ERGs give employees a shared space to share their stories and feel empowered. They also help employees from dominant groups learn more about the lived experiences of their colleagues and how they can move from passive to active allies.

In addition to providing employees with a psychologically safe space, ERGs are vital for creating feelings of inclusion at work. A 2022 Ipsos study found that 88% of working Americans agree that belonging fosters increased productivity. They also noted that 76% of respondents felt belonging includes just and respectful treatment. Studies like these highlight the importance of creating a company culture that is employee-centric and helps employees feel comfortable bringing their authentic selves to work.

How Can Training Professionals and Organizations Better Support Their ERGs?

Great Places to Work (GPTW) conducted a study on ERGs and came back with interesting results. For starters, there was a noted disconnect between how well executive sponsors felt the organization was doing versus ERG leads. Their research found that while 100% of the interviewed executive sponsors feel that their organization actively supports ERG participation, only 52% of ERG leaders feel the same. These figures remind us of the all-too-familiar disconnect of organizations that talk the DEI talk but don’t walk the walk. One of the biggest indicators of an organization that doesn’t prioritize ERGs as part of DEI is where they allocate resources. The GPTW study noted that 51% of respondents said they have an annual budget of $5,000 or less.

On top of their actual job, leads are responsible for recruiting, engaging, and organizing activities for the ERG. With tasks ranging from things like organizing volunteer days and running the ERG’s meetings, to sourcing a guest speaker or putting on an all-company activity, ERG leads have a lot to juggle.
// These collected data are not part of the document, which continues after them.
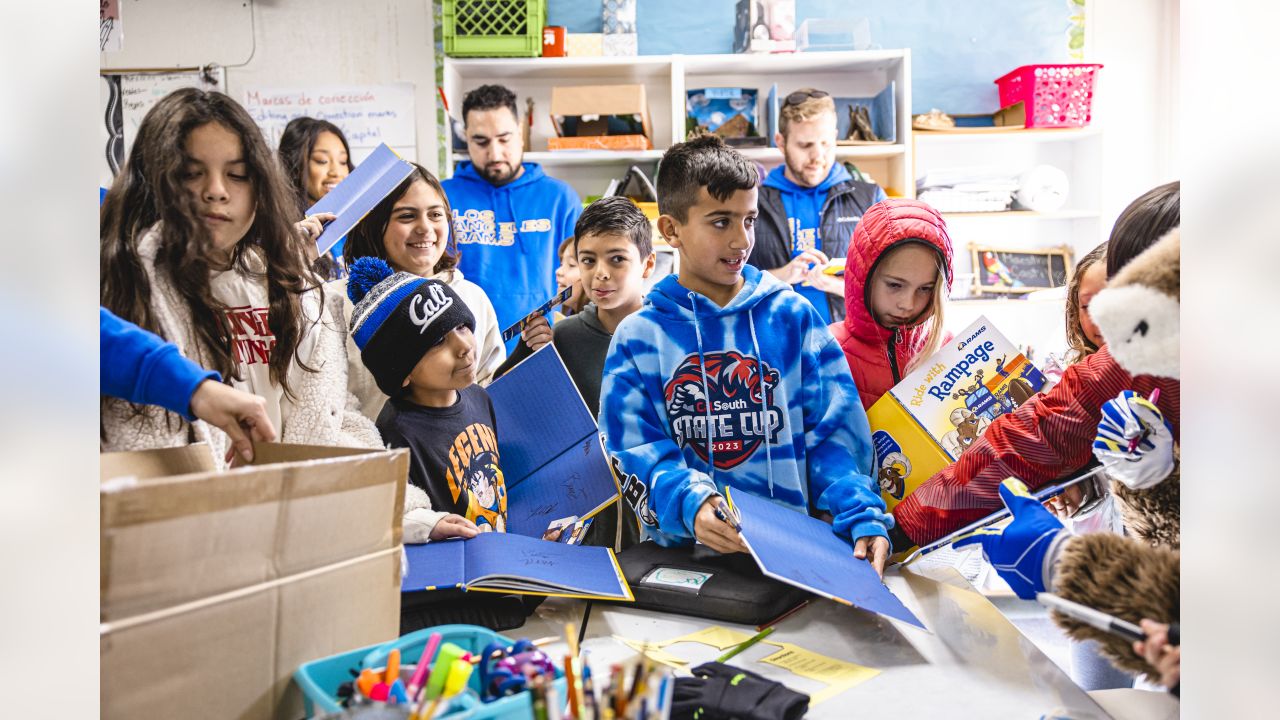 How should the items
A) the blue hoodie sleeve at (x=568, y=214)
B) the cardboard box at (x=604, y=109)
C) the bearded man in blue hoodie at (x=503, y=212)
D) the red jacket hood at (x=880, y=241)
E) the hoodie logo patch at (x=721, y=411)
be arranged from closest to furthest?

This creates the “perfect” environment for ERG leads (who tend to be members of the underrepresented group), to feel burned out, face pushback and grapple with microaggressions from colleagues, and feel frustrated from a lack of support from executives.
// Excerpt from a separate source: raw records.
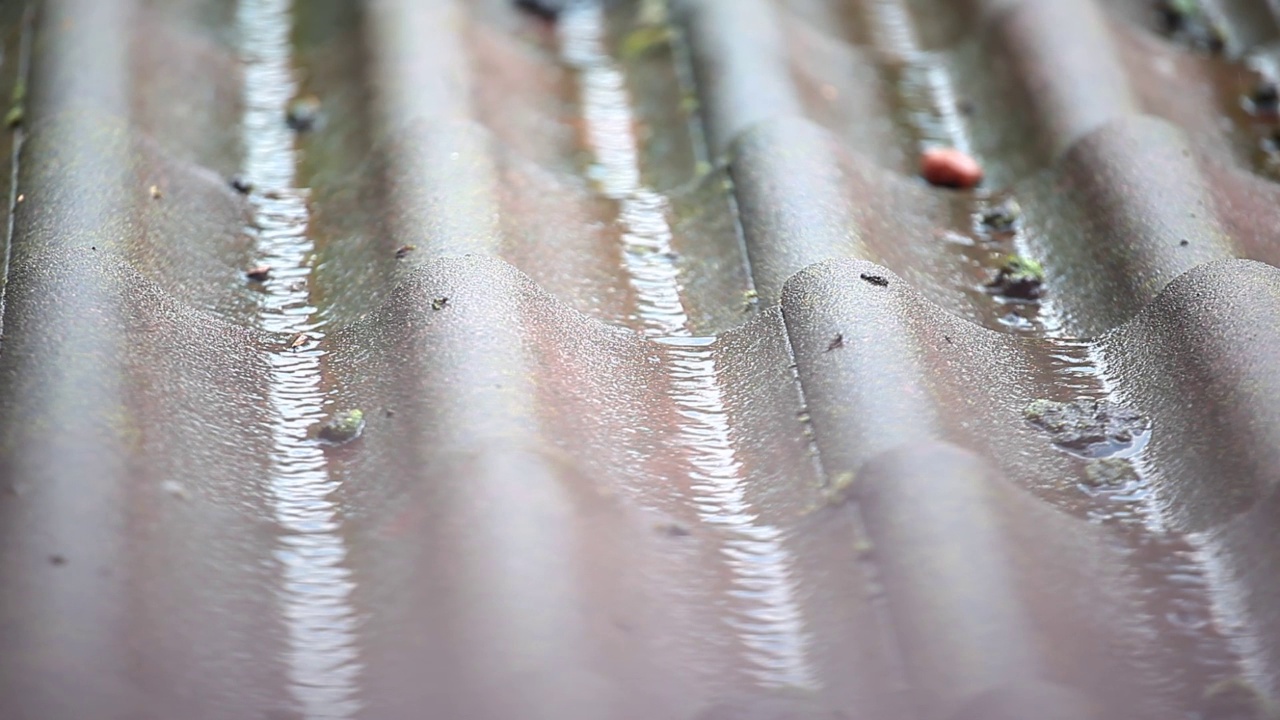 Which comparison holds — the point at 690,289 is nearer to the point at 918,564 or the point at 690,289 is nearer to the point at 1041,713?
the point at 918,564

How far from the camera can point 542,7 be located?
2600mm

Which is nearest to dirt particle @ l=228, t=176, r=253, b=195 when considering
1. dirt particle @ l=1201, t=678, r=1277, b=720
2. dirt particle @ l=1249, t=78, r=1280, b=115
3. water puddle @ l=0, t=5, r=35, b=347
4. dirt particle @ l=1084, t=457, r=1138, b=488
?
water puddle @ l=0, t=5, r=35, b=347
In addition to financial support for ERGs, organizations can also offer continuous learning opportunities that help foster cultures of inclusion. By incorporating lessons on topics such as active listening and emotional intelligence, ERG members can feel seen and supported and allies receive resources to educate themselves on the challenges their underrepresented colleagues face, becoming stronger change makers. This training can also serve as discussion starters for ERG meetings and arm employees with tools to navigate difficult conversations.

Companies can no longer coast on passive DEI policies — DEI is a business imperative and environmental, social and governance (ESG) necessity. The data speaks for itself: diverse companies outperform their less diverse counterparts in profitability by 36%. Start making investments in your people now by supporting and funding your ERGs. Your underrepresented employees and their allies will thank you.